Immigration was far from being the only issue in the campaign, but Kilgore had denounced a decision by a Virginia town to open a taxpayer-supported hiring center for day laborers, many of whom are likely illegal immigrants.

The alliances that have taken shape on the illegal immigration issue defy the usual Left versus Right stereotypes.

Favoring a bill that would provide a path to legal status for those illegal immigrants already living in the United States are traditional Democratic Party allies and Bush foes such as the AFL-CIO and the Leadership Conference on Civil Rights.

These Bush administration foes are allied with traditional Republican-leaning business interests.
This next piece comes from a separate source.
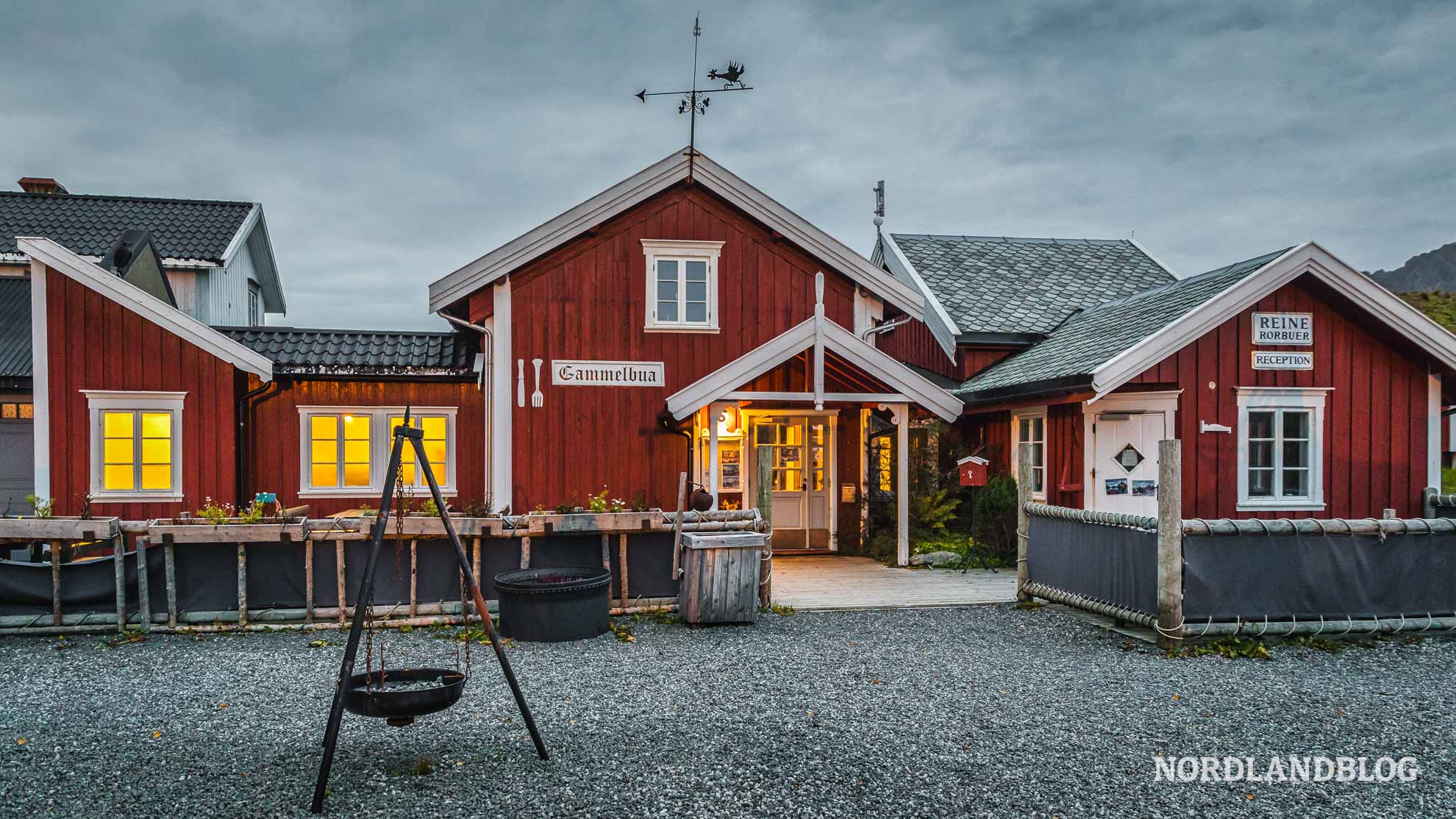 Restaurant Gammelbua in Reine zum Essen auf den Lofoten in Norwegen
Among those calling for a guest worker provision are the U.S. Chamber of Commerce, the National Restaurant Association, and the National Association of Home Builders.

Deeper issues go unaddressed
But neither Democratic nor Republican leaders seem eager to debate some of the deeper issues.

For Republicans, two big unsolved questions are: can penalties on employers who hire illegal workers be effective? After all, the 1986 immigration law was supposed to punish such employers but document fraud and lack of enforcement by the federal government made that part of the law a dead letter.

And if employer penalties were truly effective, wouldn’t that alienate the Republicans’ business constituency?

For Democrats, as well as Republicans, a great unmentionable is illegal immigration as contributing factor to wage depression.

Last September former Democratic vice presidential candidate and potential 2008 presidential hopeful John Edwards gave a lengthy speech on poverty in the United States, but omitted any mention of illegal immigration.

According to Christopher Jencks, professor of social policy at Harvard’s Kennedy School of Government, “Hiring unskilled immigrants does not make unskilled Americans disappear; it just depresses their wages.”

“Immigration has a much bigger impact on the bottom end of labor market,” said Steven Camarota, director of research at the Center for Immigration Studies, a group that favors reducing immigration to the United States.

“People say, ‘All that really matters is that we have a national unemployment rate of five percent,’ but unfortunately in the occupations where immigrants tend to be most concentrated, the unemployment is substantially higher than that," Camarota said. "That is one of the concerns about efforts to have a guest worker program. This is at the heart of the debate.”